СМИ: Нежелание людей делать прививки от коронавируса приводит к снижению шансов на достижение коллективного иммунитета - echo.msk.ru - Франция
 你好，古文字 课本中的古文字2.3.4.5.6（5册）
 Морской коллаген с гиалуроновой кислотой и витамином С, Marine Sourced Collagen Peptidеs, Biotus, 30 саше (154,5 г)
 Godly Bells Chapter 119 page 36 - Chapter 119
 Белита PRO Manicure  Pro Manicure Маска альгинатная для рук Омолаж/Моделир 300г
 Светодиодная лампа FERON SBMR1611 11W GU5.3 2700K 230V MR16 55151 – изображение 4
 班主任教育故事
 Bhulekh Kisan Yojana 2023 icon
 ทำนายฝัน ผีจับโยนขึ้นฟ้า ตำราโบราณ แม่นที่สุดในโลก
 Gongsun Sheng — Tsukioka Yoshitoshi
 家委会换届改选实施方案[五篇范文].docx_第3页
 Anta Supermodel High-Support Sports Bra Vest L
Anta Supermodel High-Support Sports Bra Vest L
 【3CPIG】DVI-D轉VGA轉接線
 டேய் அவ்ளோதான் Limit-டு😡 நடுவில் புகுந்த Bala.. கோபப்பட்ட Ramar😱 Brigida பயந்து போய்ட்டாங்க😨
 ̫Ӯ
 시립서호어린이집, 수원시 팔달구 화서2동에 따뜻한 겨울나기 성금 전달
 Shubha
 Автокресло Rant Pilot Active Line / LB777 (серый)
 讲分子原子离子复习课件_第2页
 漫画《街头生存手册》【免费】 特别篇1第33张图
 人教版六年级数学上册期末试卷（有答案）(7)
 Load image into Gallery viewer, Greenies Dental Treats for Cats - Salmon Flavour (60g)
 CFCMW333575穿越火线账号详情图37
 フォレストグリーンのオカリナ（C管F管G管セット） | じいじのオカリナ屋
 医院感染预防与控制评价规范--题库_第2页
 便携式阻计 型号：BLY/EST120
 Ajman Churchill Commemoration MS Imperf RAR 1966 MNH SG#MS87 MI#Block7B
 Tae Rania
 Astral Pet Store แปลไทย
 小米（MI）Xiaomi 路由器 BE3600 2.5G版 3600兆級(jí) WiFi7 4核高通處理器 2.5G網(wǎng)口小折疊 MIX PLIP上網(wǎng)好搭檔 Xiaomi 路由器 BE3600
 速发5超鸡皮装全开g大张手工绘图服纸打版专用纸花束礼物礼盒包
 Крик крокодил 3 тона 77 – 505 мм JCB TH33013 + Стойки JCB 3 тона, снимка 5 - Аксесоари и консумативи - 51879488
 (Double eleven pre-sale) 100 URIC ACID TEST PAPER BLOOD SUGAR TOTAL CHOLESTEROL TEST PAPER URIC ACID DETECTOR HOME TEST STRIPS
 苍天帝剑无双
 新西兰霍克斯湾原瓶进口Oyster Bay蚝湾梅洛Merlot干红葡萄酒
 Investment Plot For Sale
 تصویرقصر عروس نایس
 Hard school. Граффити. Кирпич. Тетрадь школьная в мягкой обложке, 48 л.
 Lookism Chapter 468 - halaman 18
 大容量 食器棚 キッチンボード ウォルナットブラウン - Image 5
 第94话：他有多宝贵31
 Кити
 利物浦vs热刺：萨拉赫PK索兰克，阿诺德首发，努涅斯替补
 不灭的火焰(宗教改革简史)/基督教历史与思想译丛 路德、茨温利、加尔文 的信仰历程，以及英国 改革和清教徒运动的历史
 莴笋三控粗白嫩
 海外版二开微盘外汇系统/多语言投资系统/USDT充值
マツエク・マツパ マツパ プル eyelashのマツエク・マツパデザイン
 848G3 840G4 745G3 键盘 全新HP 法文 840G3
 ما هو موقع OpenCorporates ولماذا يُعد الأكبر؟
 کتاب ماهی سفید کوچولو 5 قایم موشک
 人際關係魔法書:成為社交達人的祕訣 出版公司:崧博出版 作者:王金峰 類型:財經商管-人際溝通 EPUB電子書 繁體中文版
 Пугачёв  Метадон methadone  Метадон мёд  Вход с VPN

□ □ □ □

• **Exercise description**:
Only an exact copy is wanted here: the line containing "Investment Plot For Sale" and every later line, up to and including the last line of the listing.

• **Reply to the exercise**:
 Investment Plot For Sale
 تصویرقصر عروس نایس
 Hard school. Граффити. Кирпич. Тетрадь школьная в мягкой обложке, 48 л.
 Lookism Chapter 468 - halaman 18
 大容量 食器棚 キッチンボード ウォルナットブラウン - Image 5
 第94话：他有多宝贵31
 Кити
 利物浦vs热刺：萨拉赫PK索兰克，阿诺德首发，努涅斯替补
 不灭的火焰(宗教改革简史)/基督教历史与思想译丛 路德、茨温利、加尔文 的信仰历程，以及英国 改革和清教徒运动的历史
 莴笋三控粗白嫩
 海外版二开微盘外汇系统/多语言投资系统/USDT充值
マツエク・マツパ マツパ プル eyelashのマツエク・マツパデザイン
 848G3 840G4 745G3 键盘 全新HP 法文 840G3
 ما هو موقع OpenCorporates ولماذا يُعد الأكبر؟
 کتاب ماهی سفید کوچولو 5 قایم موشک
 人際關係魔法書:成為社交達人的祕訣 出版公司:崧博出版 作者:王金峰 類型:財經商管-人際溝通 EPUB電子書 繁體中文版
 Пугачёв  Метадон methadone  Метадон мёд  Вход с VPN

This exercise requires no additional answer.